Filing a Business Chapter 7 bankruptcy for your LLC means the liquidation of the LLC’s assets to pay off creditors. Filing Chapter 7 means that the company will no longer operate. What are the advantages and disadvantages of taking such a step?
Texas Bankruptcy for LLCs
LLCs are not subject to the Texas exemptions for business bankruptcy, nor do they receive a discharge for filing. All the company’s assets are liquidated and sold to cover the company’s outstanding debts and pay its creditors.
Personal Liability for Chapter 7 in LLCs
Typically, the owners of an LLC are not personally responsible for the debts of the company, and as such their personal property is safe from seizure and liquidation. There are cases when an owner may have personally cosigned for some of the loans or provided personal assets as collateral; in these cases the owner’s personal assets are fair game. Furthermore, in some cases the creditors may try to prove that the LLC is little more than a cover for the owners’ personal transactions, in an action called “piercing the corporate veil.”
How to Guard Against Personal Liability
If an owner is found personally responsible for the LLC’s debts by any of the above methods, often the best recourse is for that person to file a personal Chapter 7. Since a personal filing does discharge debts, it can result in the LLC’s debts that were applied to the owner being wiped out entirely.

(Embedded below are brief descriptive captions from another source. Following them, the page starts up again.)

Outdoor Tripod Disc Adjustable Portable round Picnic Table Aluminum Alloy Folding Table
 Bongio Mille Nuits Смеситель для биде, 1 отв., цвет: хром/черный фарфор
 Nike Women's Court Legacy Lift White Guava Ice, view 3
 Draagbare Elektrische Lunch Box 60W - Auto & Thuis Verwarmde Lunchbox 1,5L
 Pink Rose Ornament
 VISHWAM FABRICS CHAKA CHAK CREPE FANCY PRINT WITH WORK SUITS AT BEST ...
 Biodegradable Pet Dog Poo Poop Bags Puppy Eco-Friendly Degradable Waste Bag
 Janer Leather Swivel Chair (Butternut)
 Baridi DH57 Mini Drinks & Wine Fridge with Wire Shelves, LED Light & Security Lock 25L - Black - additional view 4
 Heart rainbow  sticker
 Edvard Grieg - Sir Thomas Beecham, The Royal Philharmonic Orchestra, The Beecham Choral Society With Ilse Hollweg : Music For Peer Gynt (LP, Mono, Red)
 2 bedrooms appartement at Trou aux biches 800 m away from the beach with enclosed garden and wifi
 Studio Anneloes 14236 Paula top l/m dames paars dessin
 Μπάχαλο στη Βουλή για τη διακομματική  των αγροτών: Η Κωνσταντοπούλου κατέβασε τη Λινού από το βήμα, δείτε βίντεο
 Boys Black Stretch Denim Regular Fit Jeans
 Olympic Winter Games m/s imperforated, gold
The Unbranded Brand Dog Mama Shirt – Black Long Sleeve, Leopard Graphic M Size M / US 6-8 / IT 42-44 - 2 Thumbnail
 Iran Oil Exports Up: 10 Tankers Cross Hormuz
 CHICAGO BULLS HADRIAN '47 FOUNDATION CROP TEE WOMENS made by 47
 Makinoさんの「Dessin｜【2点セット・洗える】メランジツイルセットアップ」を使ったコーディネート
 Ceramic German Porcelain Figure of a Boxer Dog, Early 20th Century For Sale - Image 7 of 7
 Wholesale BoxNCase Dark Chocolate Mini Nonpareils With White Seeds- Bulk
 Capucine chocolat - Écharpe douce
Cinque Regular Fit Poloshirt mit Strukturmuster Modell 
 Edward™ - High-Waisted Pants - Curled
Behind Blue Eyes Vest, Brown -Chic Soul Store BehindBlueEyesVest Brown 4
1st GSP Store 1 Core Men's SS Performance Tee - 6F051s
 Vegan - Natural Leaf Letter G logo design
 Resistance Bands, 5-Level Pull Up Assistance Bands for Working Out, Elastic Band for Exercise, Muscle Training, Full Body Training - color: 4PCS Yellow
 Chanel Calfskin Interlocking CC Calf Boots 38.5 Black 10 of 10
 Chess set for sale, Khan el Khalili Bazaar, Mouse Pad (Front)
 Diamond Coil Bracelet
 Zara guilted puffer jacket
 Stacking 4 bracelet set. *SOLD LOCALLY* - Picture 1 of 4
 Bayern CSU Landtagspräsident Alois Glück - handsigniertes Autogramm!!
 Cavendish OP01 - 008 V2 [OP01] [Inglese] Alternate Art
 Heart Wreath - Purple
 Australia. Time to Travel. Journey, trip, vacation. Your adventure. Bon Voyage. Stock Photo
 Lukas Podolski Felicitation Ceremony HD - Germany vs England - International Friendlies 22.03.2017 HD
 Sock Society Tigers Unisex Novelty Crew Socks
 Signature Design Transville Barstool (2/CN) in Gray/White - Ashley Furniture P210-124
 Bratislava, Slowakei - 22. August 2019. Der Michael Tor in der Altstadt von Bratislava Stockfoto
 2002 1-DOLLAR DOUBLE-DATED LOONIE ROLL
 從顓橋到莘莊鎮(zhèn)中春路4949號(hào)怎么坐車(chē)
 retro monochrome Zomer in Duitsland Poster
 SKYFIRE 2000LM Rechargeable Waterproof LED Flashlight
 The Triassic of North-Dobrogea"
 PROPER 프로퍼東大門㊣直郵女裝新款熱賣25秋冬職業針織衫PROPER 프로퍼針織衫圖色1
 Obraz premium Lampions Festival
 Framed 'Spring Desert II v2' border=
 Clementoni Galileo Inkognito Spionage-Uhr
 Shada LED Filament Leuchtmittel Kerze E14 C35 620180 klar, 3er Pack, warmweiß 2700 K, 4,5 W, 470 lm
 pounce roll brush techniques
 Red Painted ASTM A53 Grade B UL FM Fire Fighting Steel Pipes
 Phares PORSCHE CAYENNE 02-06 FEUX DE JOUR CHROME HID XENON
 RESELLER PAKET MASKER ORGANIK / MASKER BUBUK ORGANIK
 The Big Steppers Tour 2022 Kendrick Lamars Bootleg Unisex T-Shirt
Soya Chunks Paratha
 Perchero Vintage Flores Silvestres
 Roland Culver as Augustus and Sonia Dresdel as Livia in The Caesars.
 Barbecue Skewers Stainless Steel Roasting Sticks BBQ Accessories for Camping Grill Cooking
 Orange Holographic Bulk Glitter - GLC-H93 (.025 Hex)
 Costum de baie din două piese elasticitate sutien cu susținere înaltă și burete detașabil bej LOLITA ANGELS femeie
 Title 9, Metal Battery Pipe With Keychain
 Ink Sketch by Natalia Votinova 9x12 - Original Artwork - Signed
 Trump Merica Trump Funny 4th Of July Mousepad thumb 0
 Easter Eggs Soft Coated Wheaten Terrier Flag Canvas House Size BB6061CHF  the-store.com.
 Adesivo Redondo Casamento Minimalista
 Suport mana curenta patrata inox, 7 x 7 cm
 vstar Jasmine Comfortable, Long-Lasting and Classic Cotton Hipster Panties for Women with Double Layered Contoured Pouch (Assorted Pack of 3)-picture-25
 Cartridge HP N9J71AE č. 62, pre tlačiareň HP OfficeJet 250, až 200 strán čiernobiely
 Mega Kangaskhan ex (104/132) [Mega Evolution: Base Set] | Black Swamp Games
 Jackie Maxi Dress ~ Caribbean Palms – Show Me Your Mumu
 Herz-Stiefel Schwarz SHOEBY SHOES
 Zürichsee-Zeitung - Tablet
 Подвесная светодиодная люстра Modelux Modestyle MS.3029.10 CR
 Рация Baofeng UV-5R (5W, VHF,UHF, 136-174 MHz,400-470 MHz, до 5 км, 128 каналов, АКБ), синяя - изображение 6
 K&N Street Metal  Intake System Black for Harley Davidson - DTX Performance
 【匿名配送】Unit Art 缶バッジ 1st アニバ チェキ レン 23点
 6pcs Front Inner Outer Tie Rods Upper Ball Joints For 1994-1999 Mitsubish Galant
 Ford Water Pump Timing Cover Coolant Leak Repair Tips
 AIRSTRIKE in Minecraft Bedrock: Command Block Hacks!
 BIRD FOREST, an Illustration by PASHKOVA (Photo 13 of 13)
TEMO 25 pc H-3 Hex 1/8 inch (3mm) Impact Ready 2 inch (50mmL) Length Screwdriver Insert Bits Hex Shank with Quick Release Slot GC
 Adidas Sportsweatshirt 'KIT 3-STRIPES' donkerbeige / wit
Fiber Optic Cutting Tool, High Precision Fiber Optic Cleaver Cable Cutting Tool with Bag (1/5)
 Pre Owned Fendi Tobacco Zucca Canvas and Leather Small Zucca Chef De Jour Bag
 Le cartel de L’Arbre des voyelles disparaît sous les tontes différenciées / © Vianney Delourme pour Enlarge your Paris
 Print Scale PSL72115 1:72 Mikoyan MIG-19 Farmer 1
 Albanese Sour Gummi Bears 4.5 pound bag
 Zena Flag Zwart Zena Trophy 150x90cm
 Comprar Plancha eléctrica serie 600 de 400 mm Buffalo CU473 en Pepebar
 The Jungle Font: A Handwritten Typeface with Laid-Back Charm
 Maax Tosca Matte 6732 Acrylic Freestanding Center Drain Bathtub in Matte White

What are the Disadvantages?
Filing for business bankruptcy under Chapter 7 means the end of the LLC. It cannot be sold or operated any longer, and all the assets must be sold by the bankruptcy trustee. Therefore it is obviously meant as a last resort, and used as an orderly way of settling the LLC’s debts at the company’s demise. A bankruptcy attorney will help determine the best course of action for the LLC contemplating bankruptcy.